If you had thrown it into Loiter or Stabilize mode to try to regain control it would be interesting to see if that would have changed the outcome. But you went from one autopilot mode to another - so you never really had any control if something got corrupt / went haywire with the autoflight function(s).

-Jeff

Thank you.

Here is log from flying 10 min before crash - first mission. I did not find anything wrong here…
dropbox.com/s/ju9vzuf5xxshkpc/36.BIN?dl=0

Yes, it would be better in stabilize mode - but it was split second decision. Drone was already in free fall - like 12m/s when I changed mode.

good point:
CMD NUM just stopped working. This is important.

ANGSTBST in CTUN has dropped to -2500.
Normal value is 0-40.

Any idea why can this happen?

Look at your RCOU.Chan4 and 5
One motor is commanded to max, another goes low, most likely 5 lost thrust. , so 4(opposite) reduced thrust to maintain attitude. Then you have 4 other clockwise motors that must reduce thrust in order not to yaw , given the lost CCW thrust…

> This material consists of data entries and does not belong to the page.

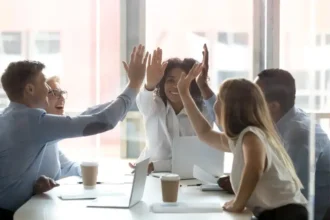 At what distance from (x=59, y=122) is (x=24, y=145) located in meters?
0.17

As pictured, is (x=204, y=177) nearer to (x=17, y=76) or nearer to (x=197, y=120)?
(x=197, y=120)

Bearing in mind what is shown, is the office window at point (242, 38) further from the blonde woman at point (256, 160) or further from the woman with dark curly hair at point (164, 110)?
the blonde woman at point (256, 160)

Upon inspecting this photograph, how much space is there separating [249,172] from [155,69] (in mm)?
964

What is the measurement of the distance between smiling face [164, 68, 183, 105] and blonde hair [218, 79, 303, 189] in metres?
0.72

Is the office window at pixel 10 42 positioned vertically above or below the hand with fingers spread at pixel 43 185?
above

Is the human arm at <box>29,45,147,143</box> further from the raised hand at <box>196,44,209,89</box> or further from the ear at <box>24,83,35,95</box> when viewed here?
the raised hand at <box>196,44,209,89</box>

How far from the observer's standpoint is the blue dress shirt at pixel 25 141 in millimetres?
2127

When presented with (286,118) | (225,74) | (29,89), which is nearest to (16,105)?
(29,89)

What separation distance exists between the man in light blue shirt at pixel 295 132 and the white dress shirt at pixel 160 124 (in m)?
0.42

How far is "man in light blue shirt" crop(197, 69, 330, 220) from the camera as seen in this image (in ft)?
7.50

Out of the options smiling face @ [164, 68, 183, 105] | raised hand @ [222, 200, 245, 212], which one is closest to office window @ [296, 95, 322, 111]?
smiling face @ [164, 68, 183, 105]

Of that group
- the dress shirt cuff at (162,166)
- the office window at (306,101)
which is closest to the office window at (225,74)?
the office window at (306,101)

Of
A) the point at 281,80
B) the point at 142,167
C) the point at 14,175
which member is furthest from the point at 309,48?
the point at 14,175

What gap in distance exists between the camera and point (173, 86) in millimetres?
2754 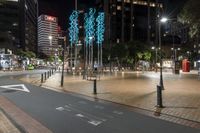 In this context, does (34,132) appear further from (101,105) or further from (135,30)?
(135,30)

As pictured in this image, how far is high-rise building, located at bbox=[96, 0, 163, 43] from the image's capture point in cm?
15825

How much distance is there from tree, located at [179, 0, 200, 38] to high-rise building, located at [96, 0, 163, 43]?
139 metres

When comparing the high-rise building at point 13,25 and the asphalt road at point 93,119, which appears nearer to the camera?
the asphalt road at point 93,119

You were pretty underpowered in the time before failure, flying already at 70% throttle - once the failure happened Throut were 100% , but remaining in an navigation mode did not help, as maintaining yaw has priority over throttle. (ans so you see reduced altitude target)

RTL did not navigate home, as there were no room for navigation as it had insufficient thrust even to hover in one spot. (increasing angle would increase descend rate even more) To be honest, once pilot sees that AP fails to do the job, it’s not a good idea to think RTL will save the day.

Pilot should have switched to Stabilize mode, could even climb at the cost of yaw-rate but to a (skilled) pilot it’s not a big problem to get home even with a constant yaw. It’s also possible to gain altitude with higher yaw rate, then navigate at slower yaw rate while slowly losing altitude - then repeat.

“unexplained” crash explained :slight_smile:

Andre K - you were correct. We examined motor number five and determined it had lost thrust.

This feature - priority to yaw before thrust - can be really dangerous in motor failure in auto mode. I did not know that. Hard to believe but true - one motor failure in octocopter can bring down drone.
I had once before one motor failure in hexacopter - but it was not problem to fly in any mode. This one was very different.

This is solved -since it is not related to APM code.

yes, it’s ironic, AP is (technically speaking) capable of flying much better with constant yaw than any pilot. (especially at a distance when it’s hard to evaluate directional corrections when flying manually)

The feature is just not there, it would need proper problem-detection and kick in only then, otherwise , if we just gave yaw priority over altitude, the RPAS could ignore yaw error at any altitude error, giving worse flight experience.

BTW: click “solved” to help moderator.